At a glance, in older persons, a five-minute, culturally neutral test for cognitive issues enhanced dementia screening and management. The basic tool could enable persons living throughout the United States, even in underprivileged places, to have more access to dementia care.
In the United States, around six million older persons live with dementia. Though dementia is somewhat widespread, studies show that in hectic primary care environments, doctors typically overlook symptoms of cognitive impairment. Older Black and Hispanic Americans especially should be aware of this.
Early diagnosis of dementia or its predecessor, mild cognitive impairment, is crucial to enable therapies and planning to help older persons stay safe in their home environment. Many of the conventional tests for dementia assess facets of cognition, including memory, learning, and thinking. These tests, however, can take a lot of time and money and call for qualified doctors to administer. Many were also developed in White populations, hence they might have cultural prejudices that render them less successful among more varied groups.
Under the direction of Dr. Joe Verghese of Albert Einstein College of Medicine, a research team created a culturally objective cognitive evaluation tool called 5-Cog to help busy, varied primary care offices diagnose dementia. The team intended 5-Cog for usage among elderly persons worried about their cognitive ability.

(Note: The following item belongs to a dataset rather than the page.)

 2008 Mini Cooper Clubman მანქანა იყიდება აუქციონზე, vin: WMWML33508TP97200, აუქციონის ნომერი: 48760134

Three short tests—of memory recall, the link between cognition and locomotion, and the capacity to match symbols to images—make up the instrument. Should the findings point to cognitive difficulties, 5-Cog immediately notes it in the patient’s electronic health record. This results in a set of suggestions being forwarded to their physician. The entire 5-Cog process lasts roughly five minutes and can be given by someone without medical knowledge.
Under an NIH grant, the team examined 5-Cog in over 1,200 older persons drawn from a Bronx County, New York City primary care clinic. Every study subject resided in a poor area. Of nearly three-quarters, women, 94% said their race was Black, Hispanic, or Latino. About forty percent had never completed high school.

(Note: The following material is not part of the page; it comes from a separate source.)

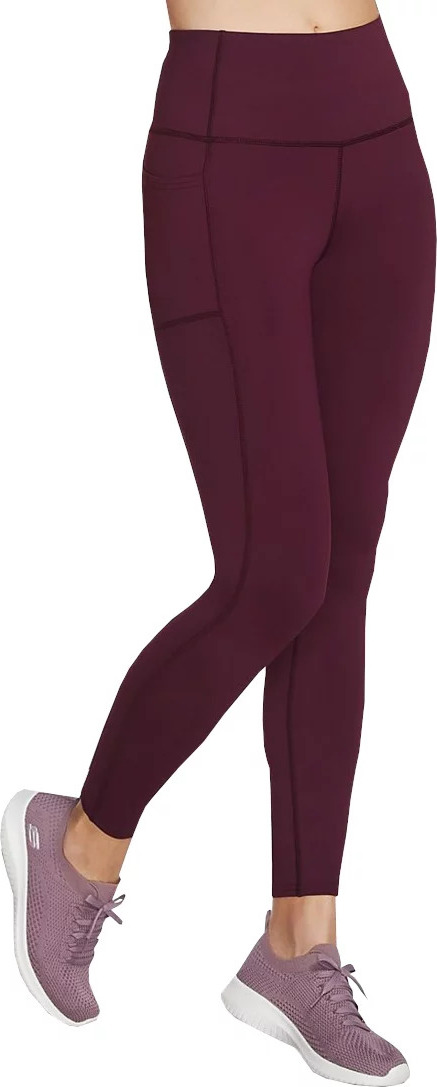 Vínové dámske legíny Skechers Go Walk High Waisted Legging W03LG30B-DKPR W03LG30B-DKPR Veľkosť: XS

The patients were randomized to receive either 5-Cog or an unrelated physical test (the control group) prior to a primary care appointment. Published in Nature Medicine on June 4, 2024, the findings. Compared to slightly under 7% of patients in the control group, almost 20% of older persons who underwent the 5-Cog test had superior overall dementia treatment.
Those who completed the 5-Cog test also showed notable improvements in a number of individual aspects of dementia treatment. These comprised additional tests, a fresh diagnosis of dementia or mild cognitive impairment, and expert referrals within ninety days following the examination. Over the next year, there was no appreciable variation between groups in hospitalisations or ER visits.
“We hope that the results of this study will encourage changes in primary care practice so that more older people with mild cognitive impairment or dementia will benefit from diagnosis and treatment for their conditions,” Verghese notes.
Additional research is under process, including a clinical trial to see whether 5-Cog can detect early cognitive impairments in elderly persons without cognitive complaints. It also has to be tested across several populations.
Funding: National Institute of Ageing (NIA) and National Institute of Neurological Diseases and Stroke (NINDS).